◆ Material shown:
=== Begin Enclosure ===
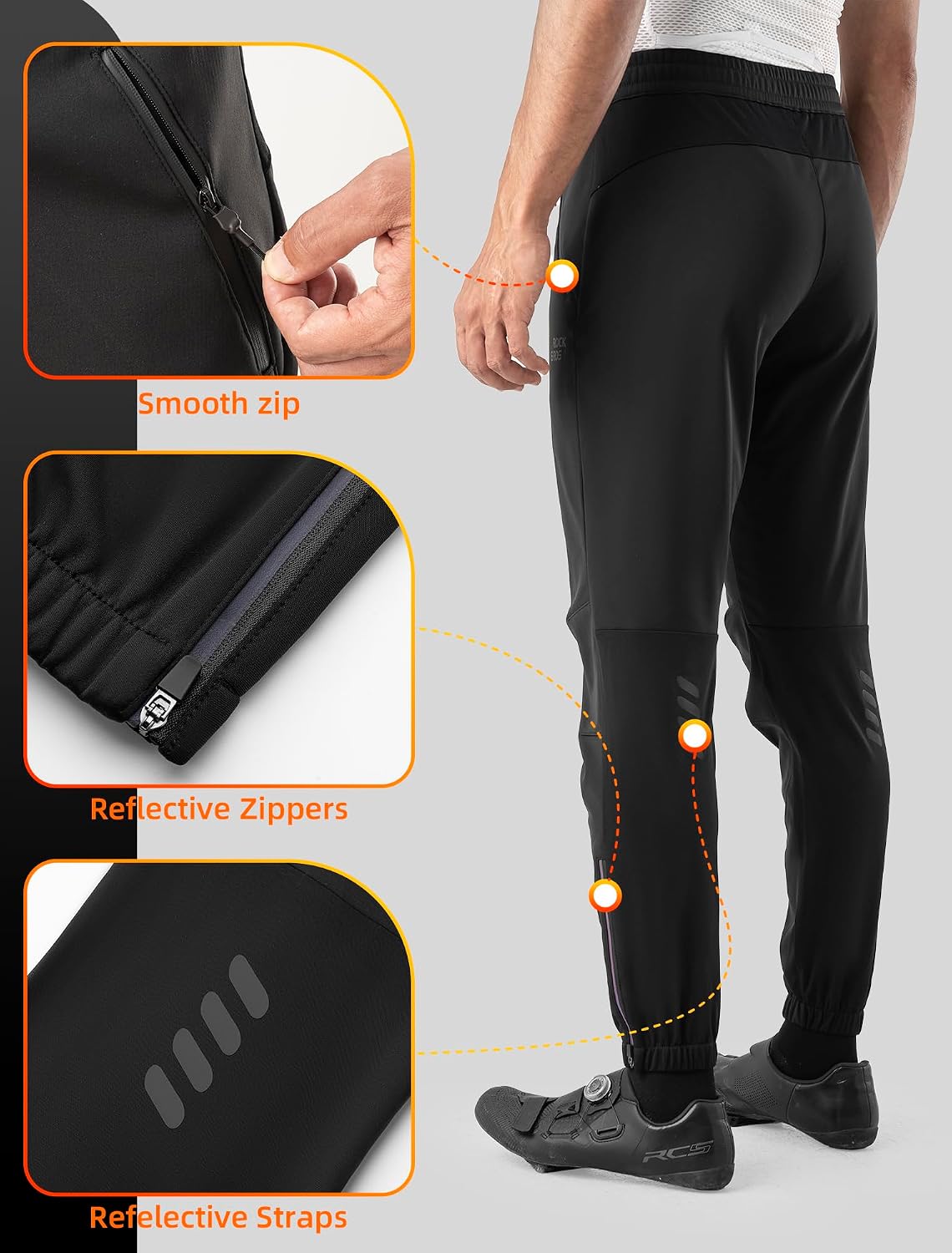 ROCKBROS Men's Winter Cycling Pants Thermal Water-Resistant Joggers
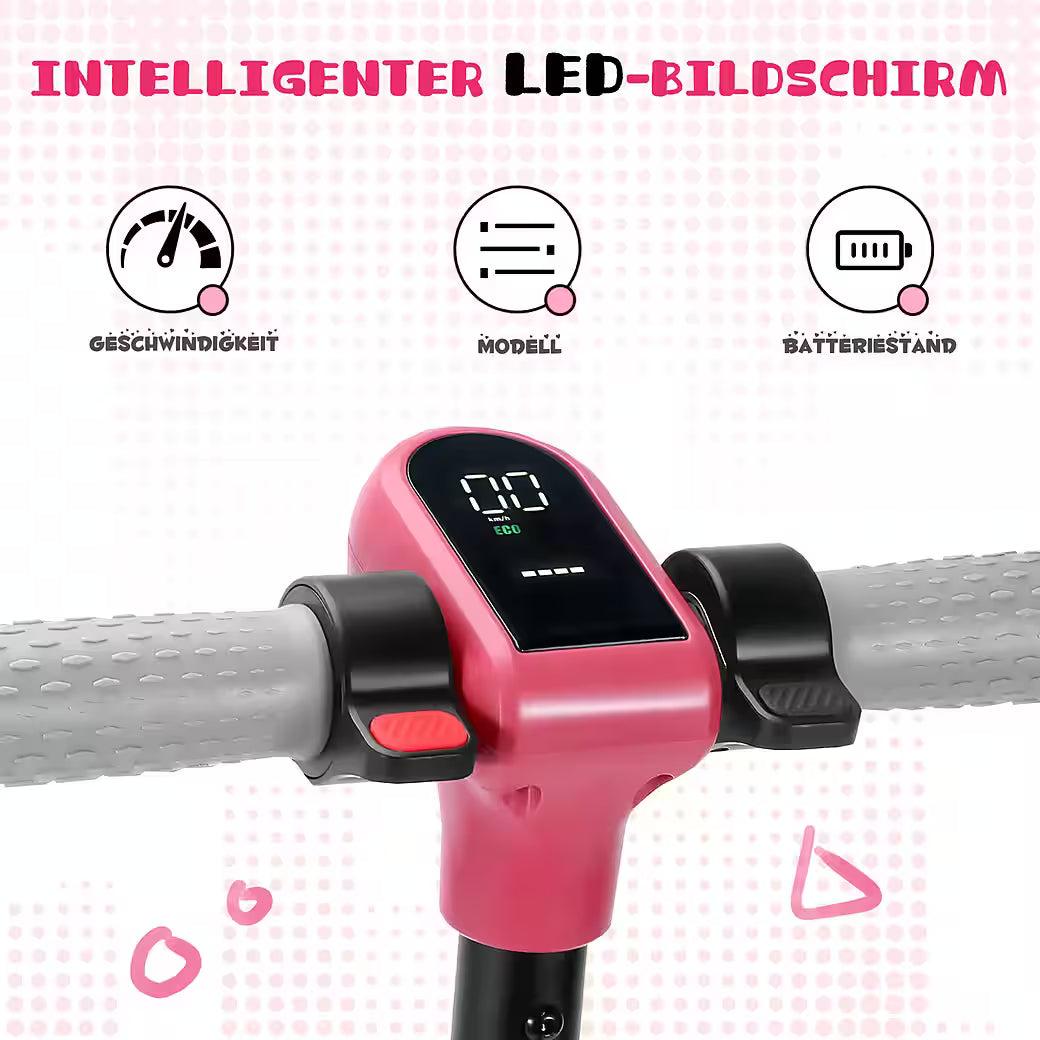 VANKEL Elektro-Kinderroller Cityroller, E Scooter für Kinder, 6-12 Jahre, Bluetooth+Bunte Lichter, B-Ware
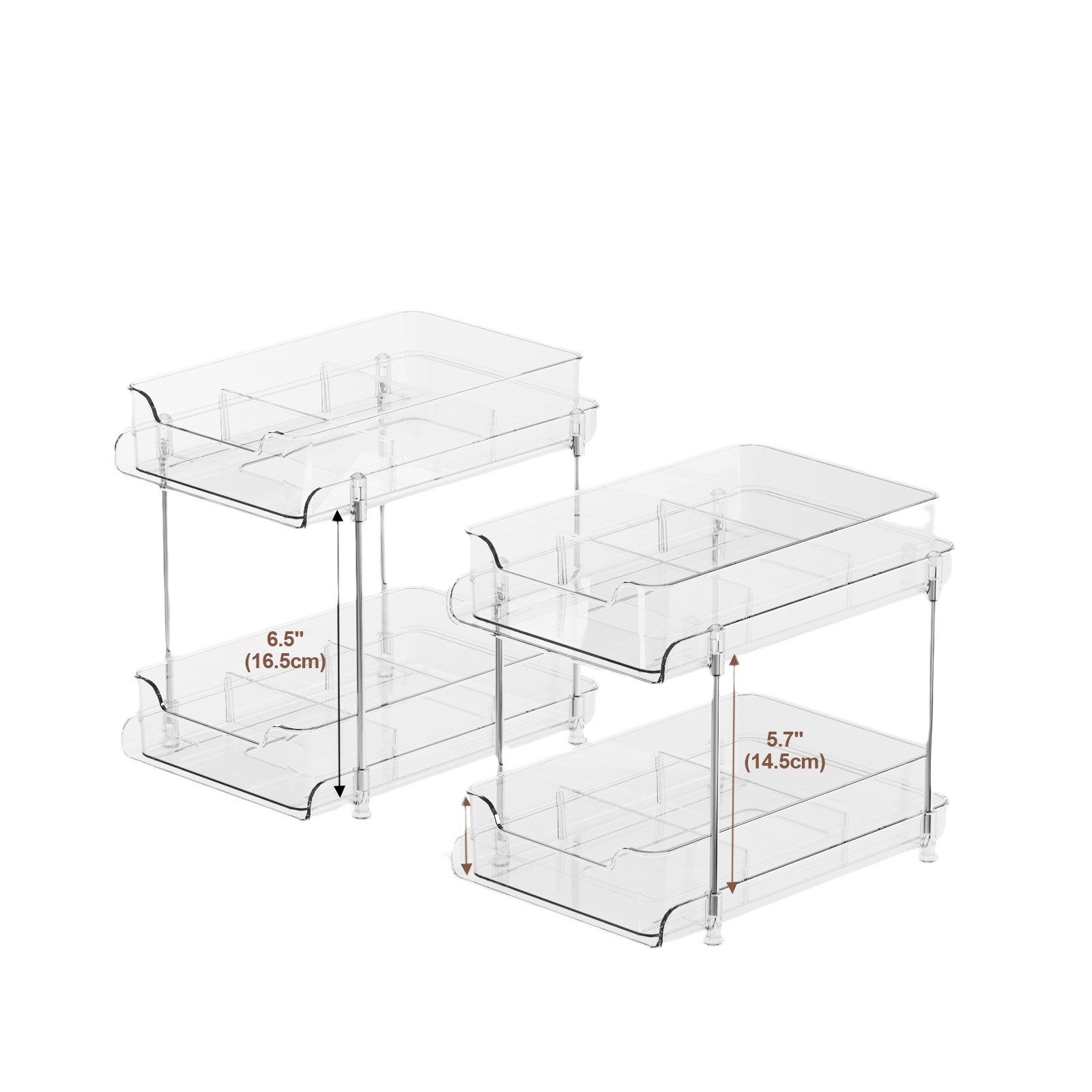 2 Layers Pull Out Things Transparent Cosmetics Storage Box Room Bathroom Storage Rack Under Sink Organizer For Home Desktop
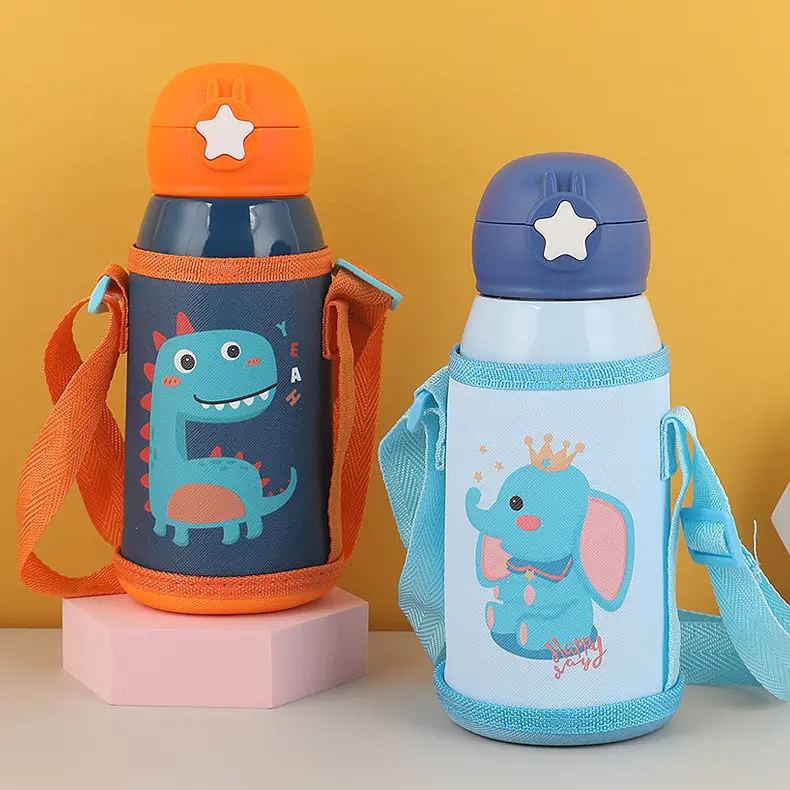 Children thermo bottle thermocup with straw | 500ml Kids Thermos Mug With Straw Stainless Steel Vacuum Flasks Children Cute Thermal Water Bottle Tumbler Thermocup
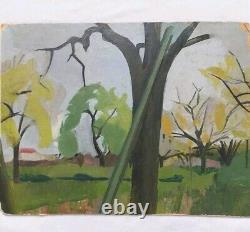 Tableau ancien huile sur carton début XX ème fauve paysage artiste à identifier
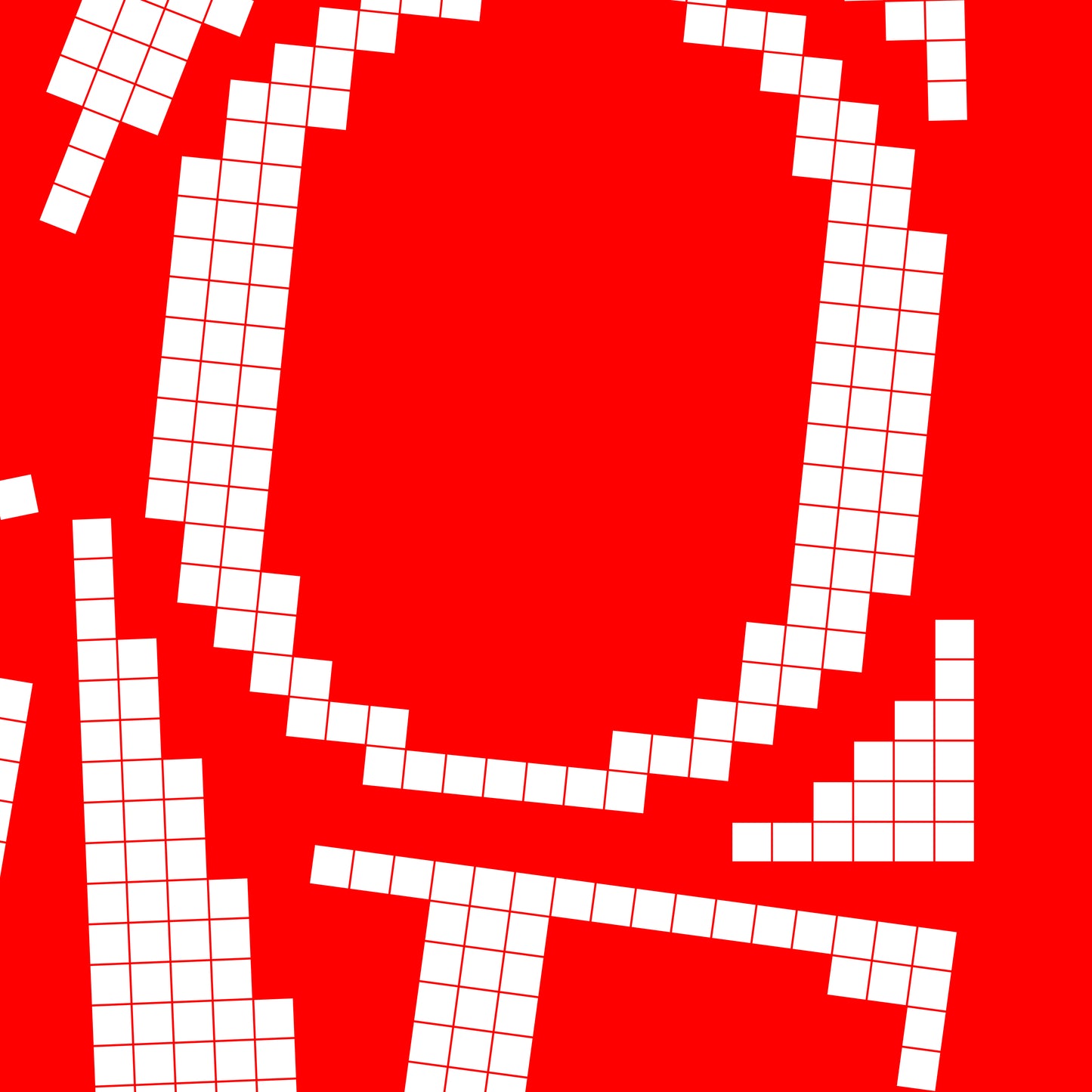 Close-up of a white pixel grid typography poster spelling LOVE on a bold red background, graphic and modern art design.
=== End Enclosure ===
◆ What this task involves: Start with the line holding "Children thermo bottle" and repeat exactly every line through the final line of the records above, but no pictures and nothing more.

◆ Result of this task:
 Children thermo bottle thermocup with straw | 500ml Kids Thermos Mug With Straw Stainless Steel Vacuum Flasks Children Cute Thermal Water Bottle Tumbler Thermocup
 Tableau ancien huile sur carton début XX ème fauve paysage artiste à identifier
 Close-up of a white pixel grid typography poster spelling LOVE on a bold red background, graphic and modern art design.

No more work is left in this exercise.